[Work instructions]: Copy, exactly as written, the lines that begin at the one containing "Bohême. Paire de" and end at the one containing "GTA 5 PS4 version like new without cover". Skip any pictures in the data below.

[Extracted entries]:
┄┄┄┄┄┄
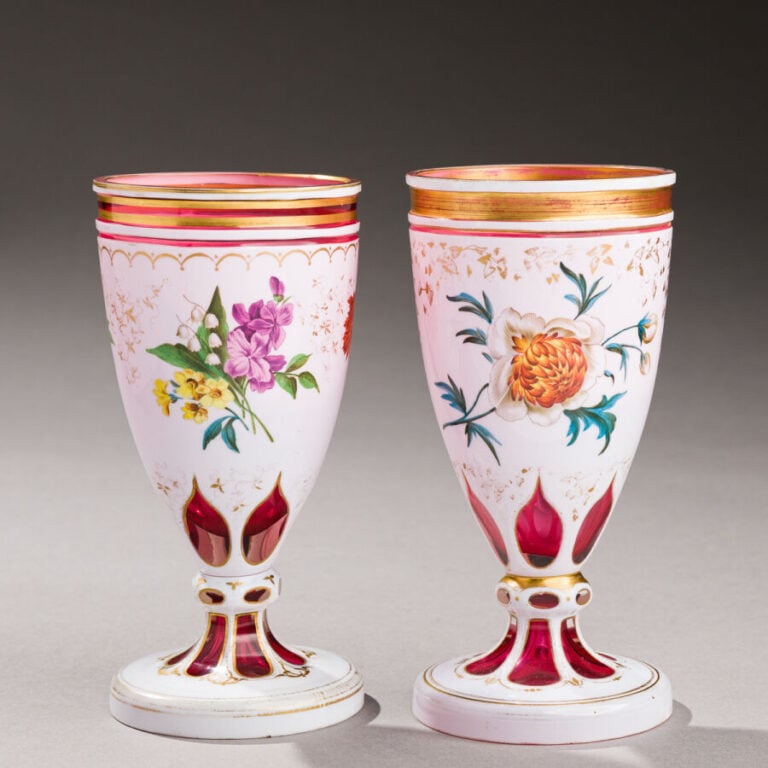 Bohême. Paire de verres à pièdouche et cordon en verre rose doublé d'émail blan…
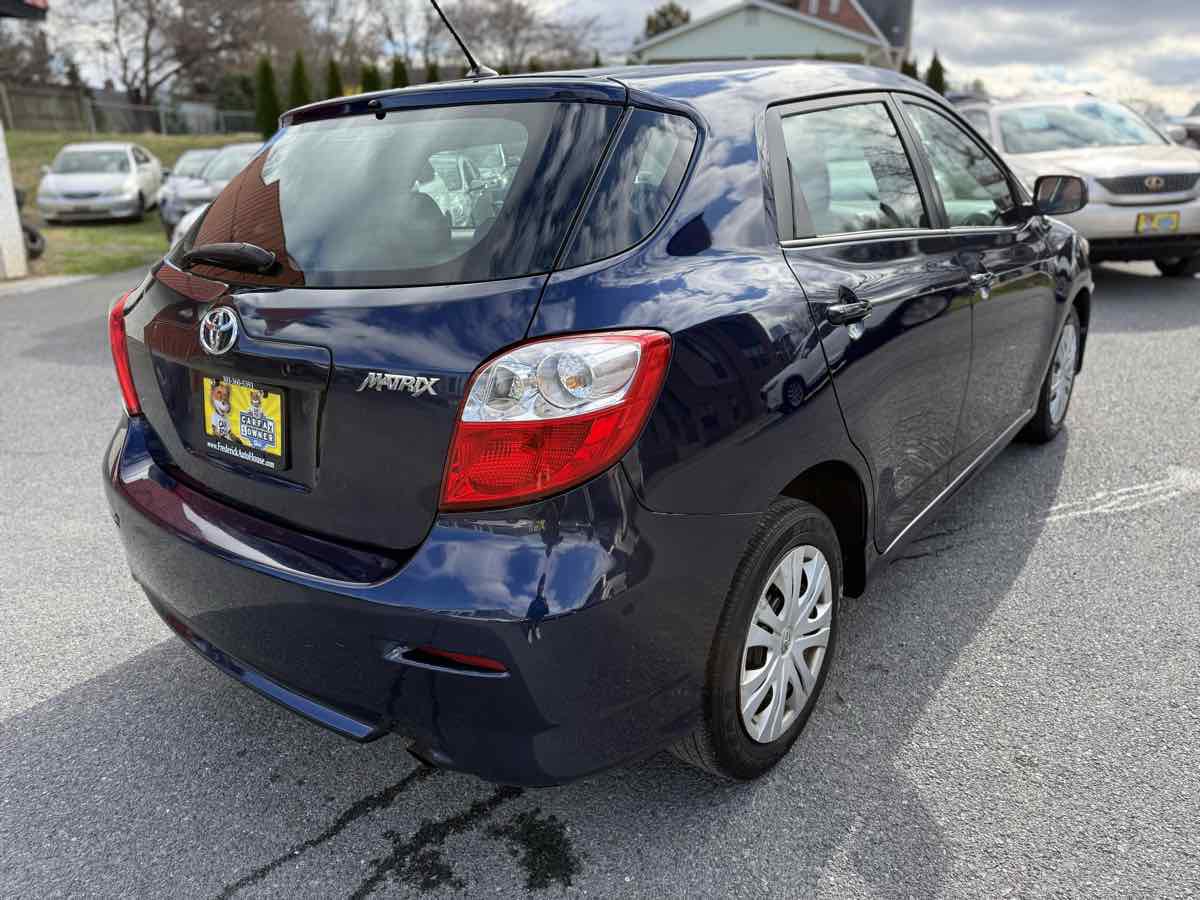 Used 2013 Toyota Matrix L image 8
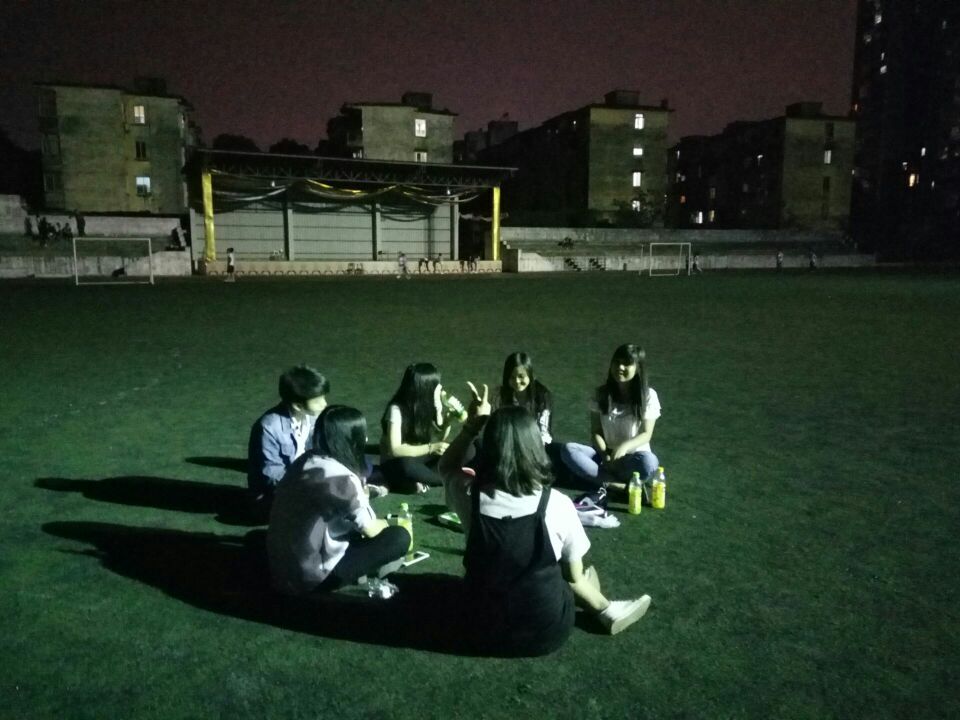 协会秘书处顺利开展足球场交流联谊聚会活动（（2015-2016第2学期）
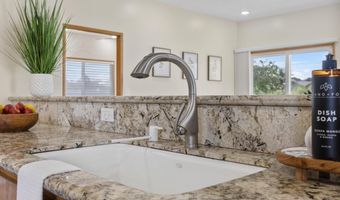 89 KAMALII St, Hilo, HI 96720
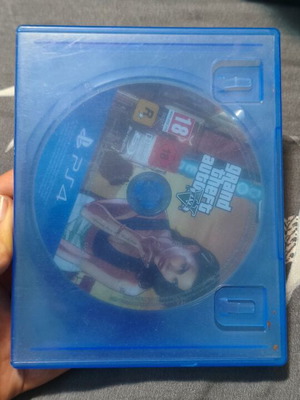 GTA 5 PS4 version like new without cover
┄┄┄┄┄┄
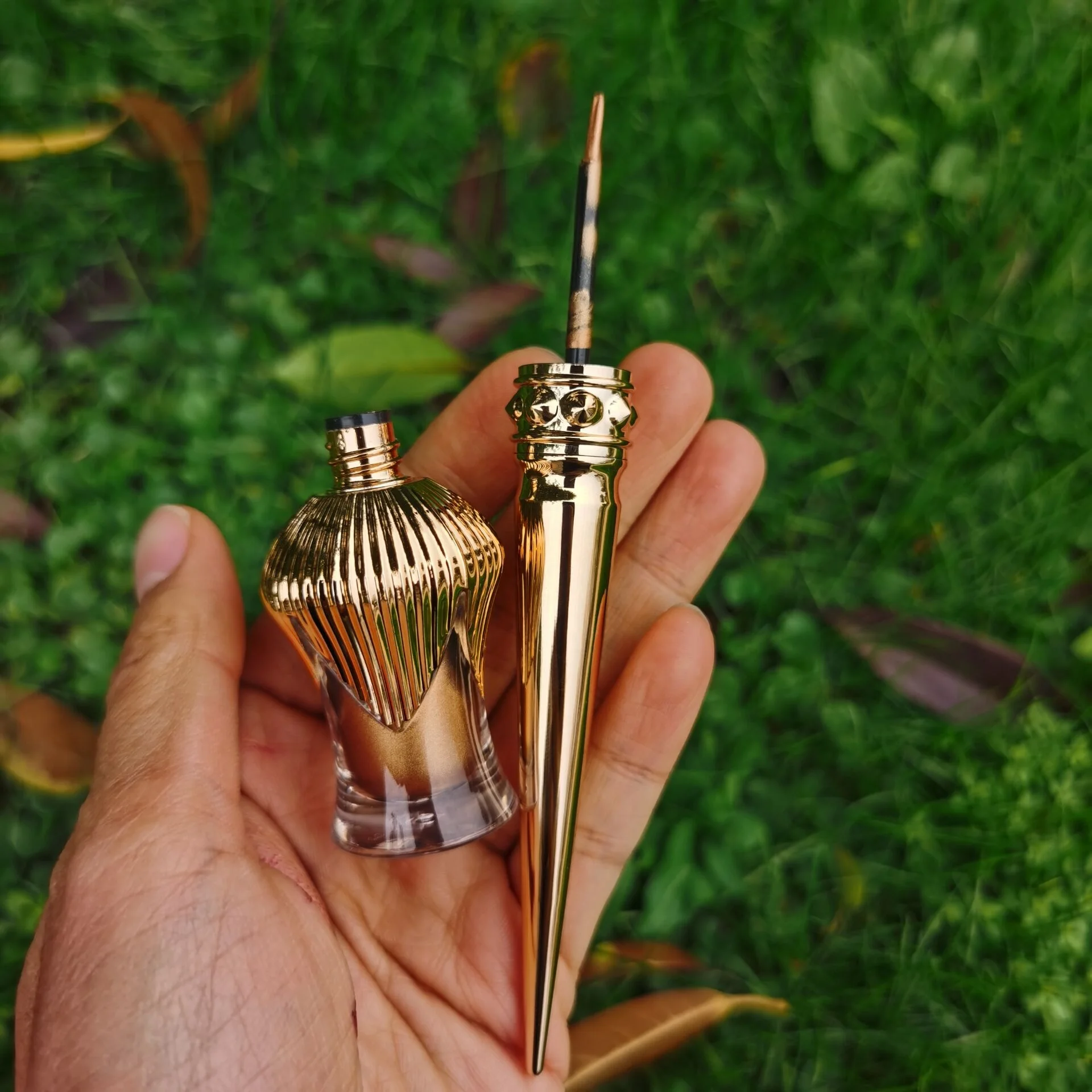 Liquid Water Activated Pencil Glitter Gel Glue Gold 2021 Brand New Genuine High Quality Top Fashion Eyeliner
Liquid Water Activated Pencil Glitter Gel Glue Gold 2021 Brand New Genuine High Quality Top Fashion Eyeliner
┄┄┄┄┄┄
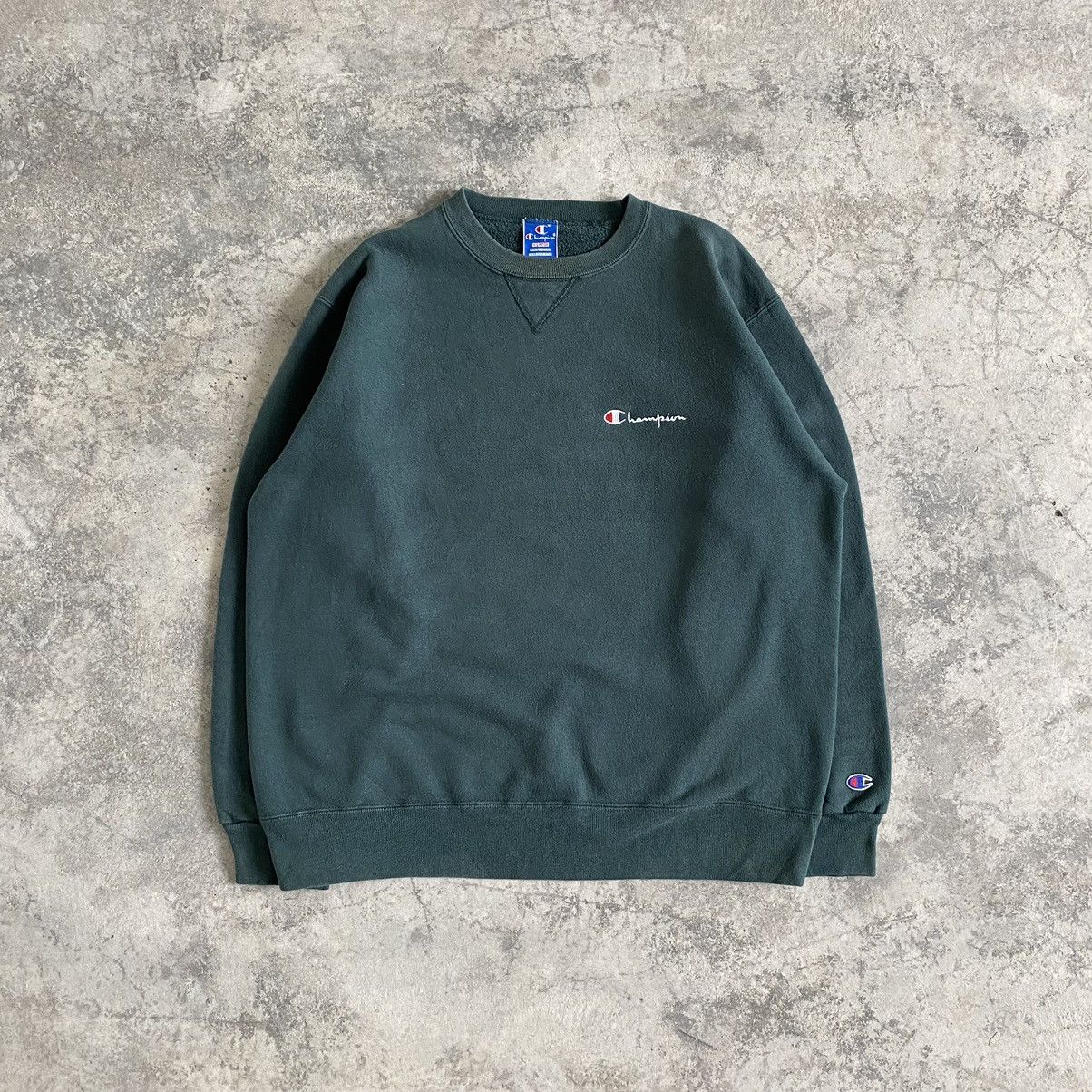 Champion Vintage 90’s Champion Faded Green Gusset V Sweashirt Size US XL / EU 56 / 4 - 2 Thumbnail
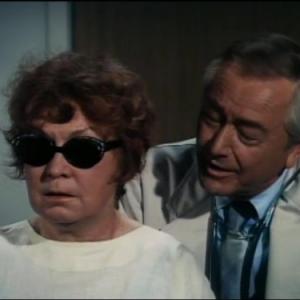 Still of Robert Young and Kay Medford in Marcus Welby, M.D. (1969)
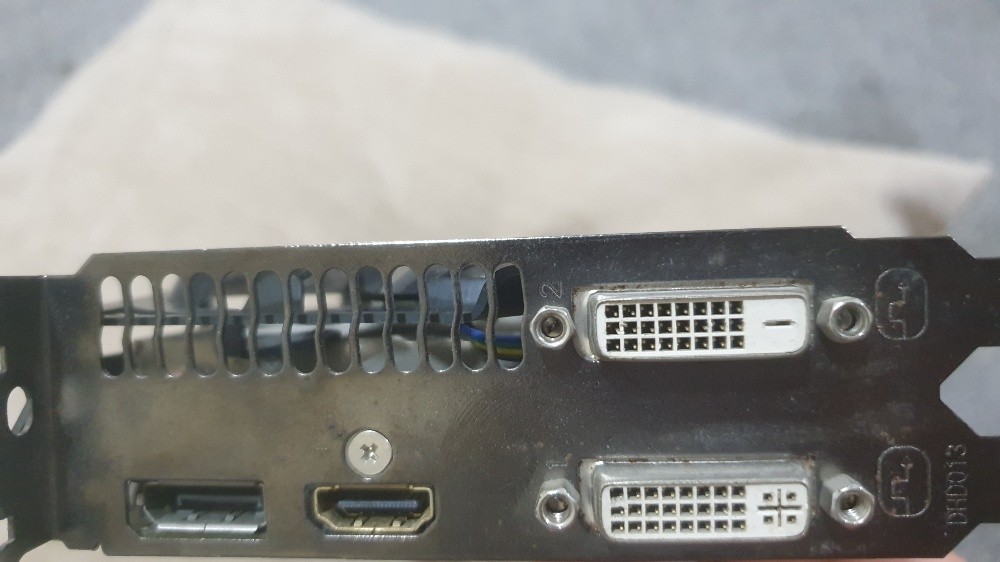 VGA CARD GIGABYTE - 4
┄┄┄┄┄┄
[Answer space]:
 Bohême. Paire de verres à pièdouche et cordon en verre rose doublé d'émail blan…
 Used 2013 Toyota Matrix L image 8
 协会秘书处顺利开展足球场交流联谊聚会活动（（2015-2016第2学期）
 89 KAMALII St, Hilo, HI 96720
 GTA 5 PS4 version like new without cover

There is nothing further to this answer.